Immunity**. And with immunization, it may take longer to see the effects because the immune system is mobilized to attack the tumor. Sometimes, the tumour may even appear to be growing at first, but in fact the swelling of this size may be due to immune cells infiltrating into the tumor. This phenomenon is known as false progression and is not uncommon in immunity, which does not mean that it does not work.
Three. Should I choose target** or immunize**?
The choice of which modality to choose depends largely on the specific nature of the tumor.
Targeting**. It is mainly suitable for patients with corresponding gene mutations, and intervenes in the key targets for the occurrence and development of malignant tumors**, with outstanding efficacy, and patients have mild toxicity and side effects, and are well tolerated, so targeted drugs emphasize individualization more**.
Targeting**Patients need to do genetic testing before targeting**, if there is a gene mutation, you can choose targeted drugs, targeting**Not everyone needs to do genetic testing, and the drugs that do not need to do genetic testing are generally anti-angiogenic drugs, such as bevacizumab, anlotinib, etc.
Some of the common detection targets for cancer types are as follows:
Immunity**. The effectiveness of tumor immunity** is influenced by many factors. First of all, it is related to human immunity, which is closely related to genetics and internal microbial communities.
Secondly, it is related to tumor cells, and the heterogeneity of neoantigens within tumors, the number of clone-derived neoantigens, tumor cell mutation targets, and tumor mutation burden significantly affect the ** effect.
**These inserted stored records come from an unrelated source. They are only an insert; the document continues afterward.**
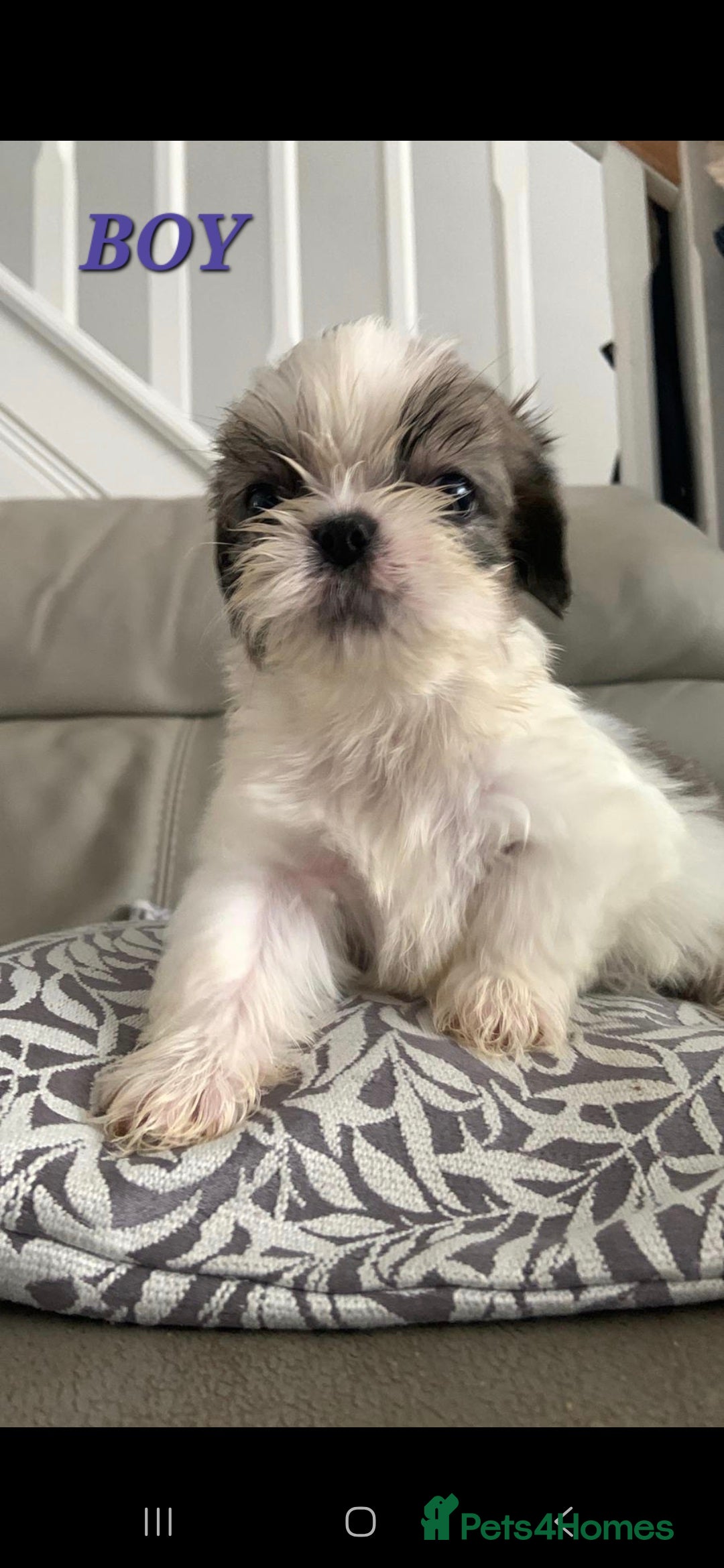 Shih Tzu dogs for sale: READY TO GO NOW Gorgeous Shih tzu puppies - Image 5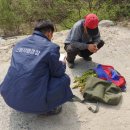 무릉도원면-18 이미지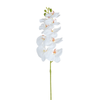 Tige d’Orchidée 90 cm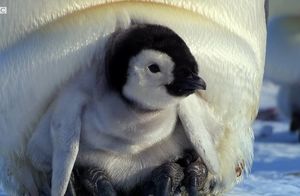 Видео: Почему родители-пингвины заставляют своих птенцов заводить друзей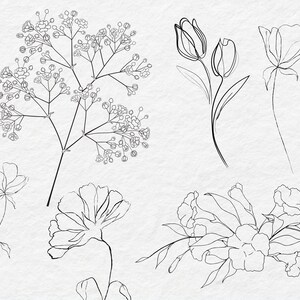 May include: Line art drawings of various flowers, including tulips, carnations, and baby's breath. The drawings are in black ink on a white background.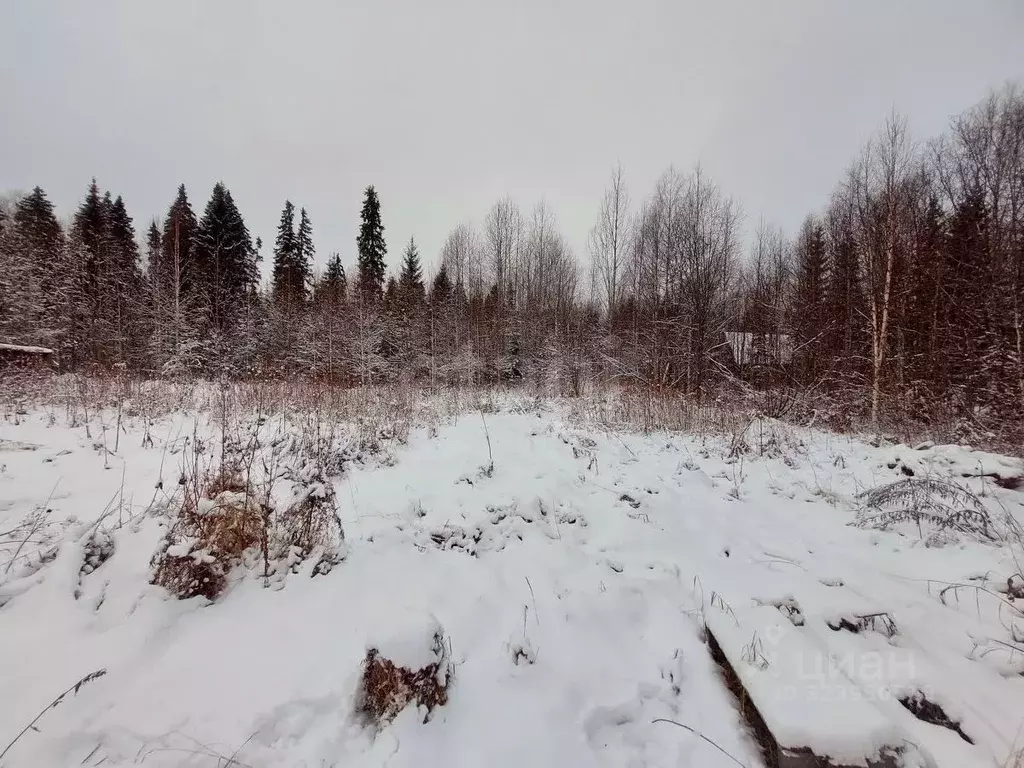 Дом в Коми, Сыктывдинский район, Выльгорт муниципальное образование, ... - Фото 1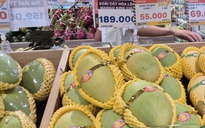 Xoài cát Hòa Lộc giá cao ngất, xuất khẩu "đứng hình"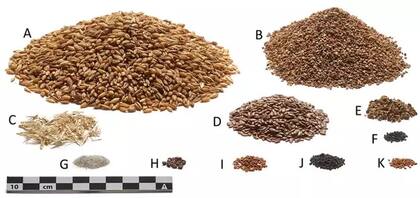 La reconstrucción de los ingredientes de la última comida del Hombre de Tollund (Foto: PS Henriksen / Museo Nacional Danés)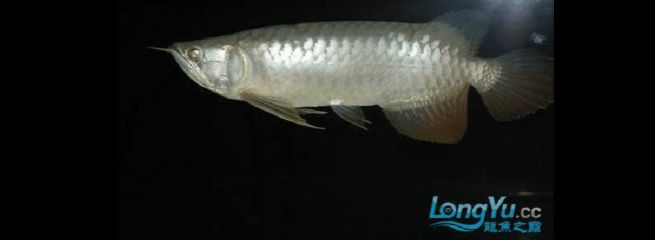 龍魚(yú)常見(jiàn)疾病與治療方案圖：十—二十公分的幼魚(yú)身上的立鱗病療法 龍魚(yú)百科 第2張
Among them, tumor neoantigens and a large number of clonal neoantigens in patients with low intratumoral heterogeneity have more advantages, so the study found that the applicable population of immunity has the following characteristics:
High expression of PD-1 or the presence of markers such as interferon (IFN-) granzyme, chemokine (c-x-c motif) ligand 9 (cxcl9), chemokine (c-x-c motif) ligand 10 (cxcl10), or tumor cells with high mutational burden generally respond well to immune checkpoint inhibitors.
Microsatellite instability is highly instable (MSI-H), and there is a large number of immune cell infiltration in tumor tissue, i.e., high TI; The patient's tumor size is smaller, the age is younger, and the general condition is better, and the immune effect is better.